WASHINGTON (Reuters) -The U.S. Transportation Department on Wednesday proposed new rules to strengthen airline passenger protection and require airlines to provide vouchers that do not expire when passengers are unable to fly for certain pandemic-related reasons.
The rules would codify the Transportation Department’s longstanding interpretation that failing to provide refunds when an airline cancels or significantly changes a U.S. flight constitutes an unfair practice.
Those requirements would include offering refunds if airlines made changes that impact departure or arrival times by three hours or more for a domestic flight or six hours or more for an international flight if passengers did not accept alternative arrangements.
“This new proposed rule would protect the rights of travelers and help ensure they get the timely refunds they deserve from the airlines,” said U.S. Transportation Secretary Pete Buttigieg.
The proposed rules come amid a growing push by lawmakers who have urged Buttigieg to take a tougher stance after airlines this summer have canceled tens of thousands of flights.
Last month, Democratic senators Elizabeth Warren and Alex Padilla asked Buttigieg to fine airlines that delay or cancel flights because of staffing or operational issues.
Airlines for America, a trade group representing Delta Air Lines, United Airlines, American Airlines, Southwest Airlines and others, declined to comment on the proposal on Wednesday but noted U.S. airlines have trimmed capacity by 16% and are “ramping up hiring initiatives and increasing communication with travelers” while addressing “a range of challenges, outside carrier control, such as inclement weather.”
They also noted that since the onset of the pandemic, U.S. airlines have issued $21 billion in cash refunds.
Buttigieg, who met virtually with airline CEOs in June to demand better performance, said recently that airlines have improved their performance.
The department is also proposing to require U.S. and foreign air carriers and ticket agents to provide refunds for pandemic- related travel cancellations instead of non-expiring travel vouchers or credits “if the carrier or ticket agent received significant financial assistance from the government as a result of a public health emergency.”
Taxpayers awarded U.S. airlines $54 billion in COVID-19 government assistance for payroll costs.
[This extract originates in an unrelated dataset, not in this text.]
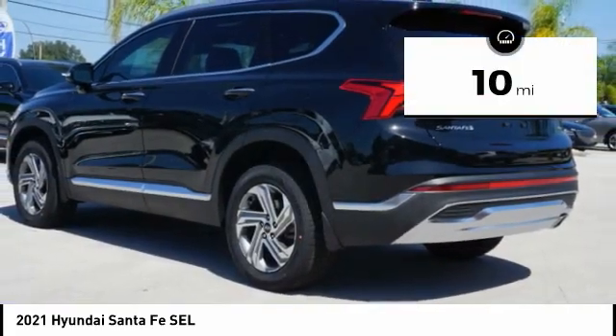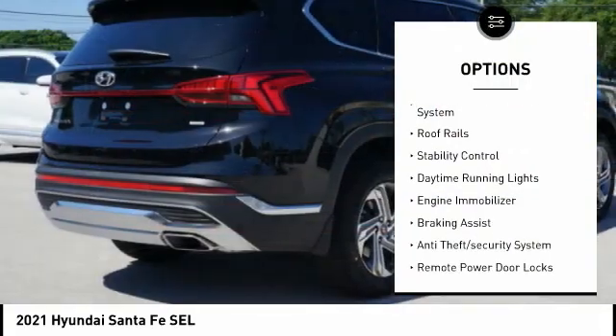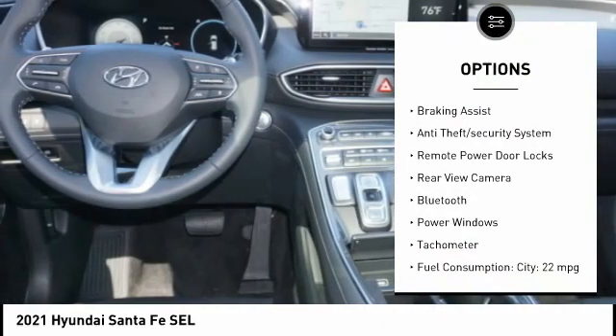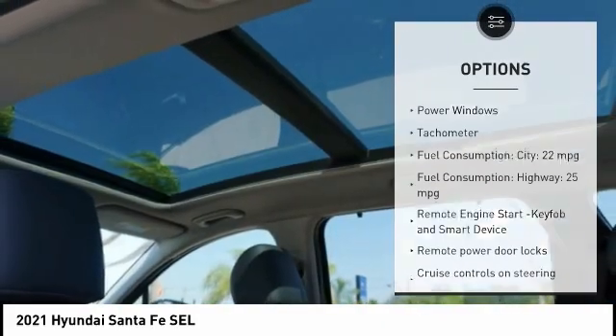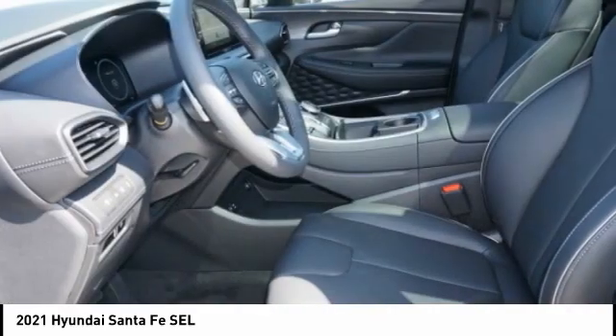This vehicle has less than 100 miles. Here are some of this vehicle's great options: tire pressure monitoring system, roof rails, stability control, daytime running lights, engine immobilizer, braking assist, anti-theft security system, remote power door locks, and rear view camera, Bluetooth.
American and Delta each got around $12 billion, while United received about $11 billion, with 30% repayable to taxpayers.
Those provisions would apply only to airlines receiving new assistance after the rules are finalized.
USDOT has concluded investigations of 10 airlines “and is pursuing enforcement action against them for extreme delays in providing refunds for flights the airlines canceled or significantly changed” and is actively investigating refund practices of more than 10 additional airlines flying to, from, or within the United States, the department said on Wednesday.